**ABOUT THIS TASK**
Return all the entries below exactly, except for the images they hold.

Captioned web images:
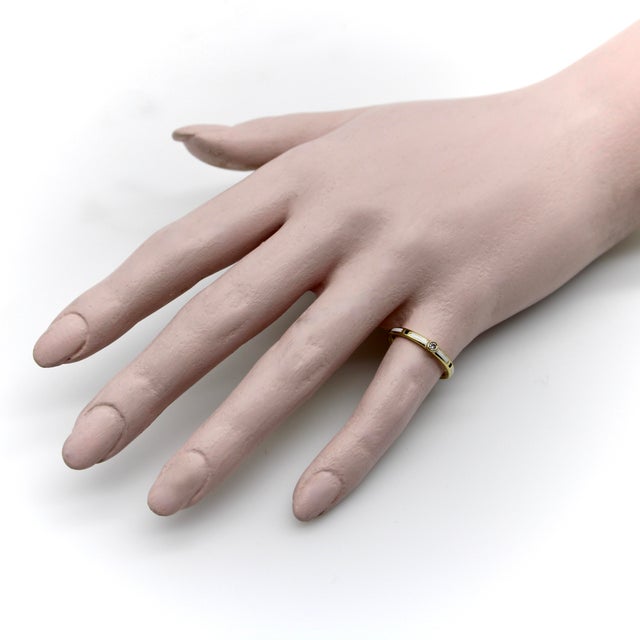 This 18k gold band is detailed with a rhythmic patten of white and black enamel, accented by a bezel set diamond....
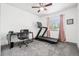 Bedroom featuring a treadmill, desk, ceiling fan, and natural light from the window at 6678 S Arapahoe Dr, Littleton, CO 80120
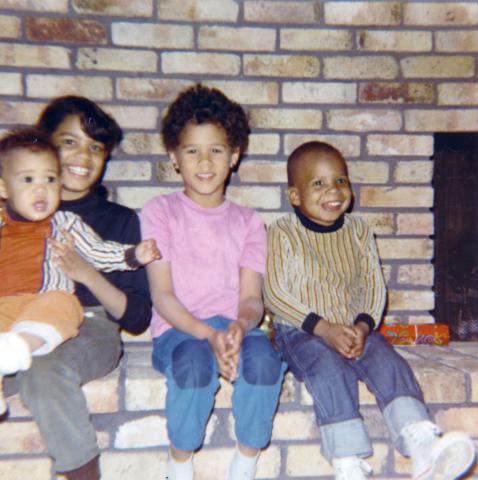 Four of LaRae Kemp's young children sitting on the hearth of a brick fireplace.
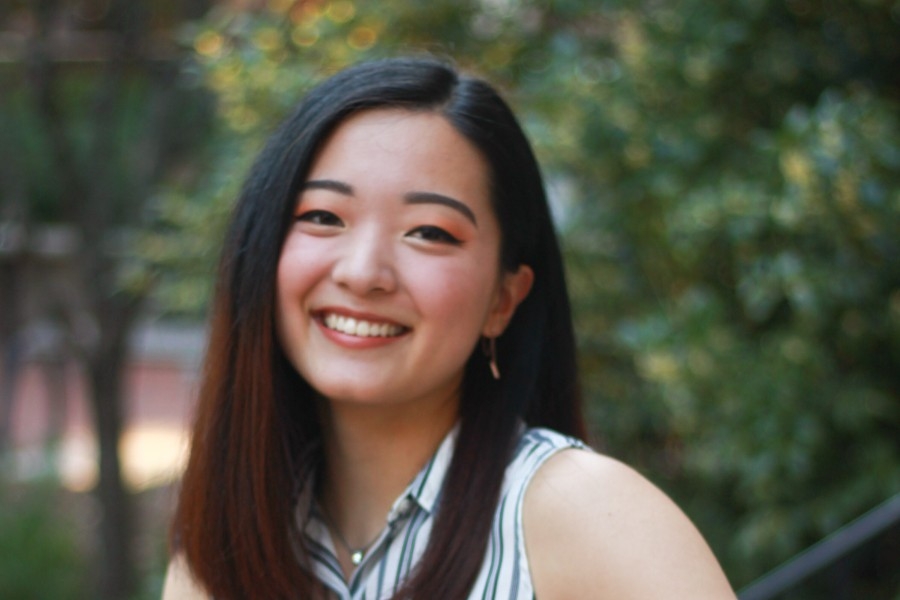 Zoe Zhang smiles for a photograph.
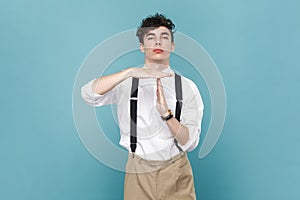 Man showing time out gesture, stop or limit hand sign, warning of deadline.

**RESPONSE FOR THIS EXERCISE**
 This 18k gold band is detailed with a rhythmic patten of white and black enamel, accented by a bezel set diamond....
 Bedroom featuring a treadmill, desk, ceiling fan, and natural light from the window at 6678 S Arapahoe Dr, Littleton, CO 80120
 Four of LaRae Kemp's young children sitting on the hearth of a brick fireplace.
 Zoe Zhang smiles for a photograph.
 Man showing time out gesture, stop or limit hand sign, warning of deadline.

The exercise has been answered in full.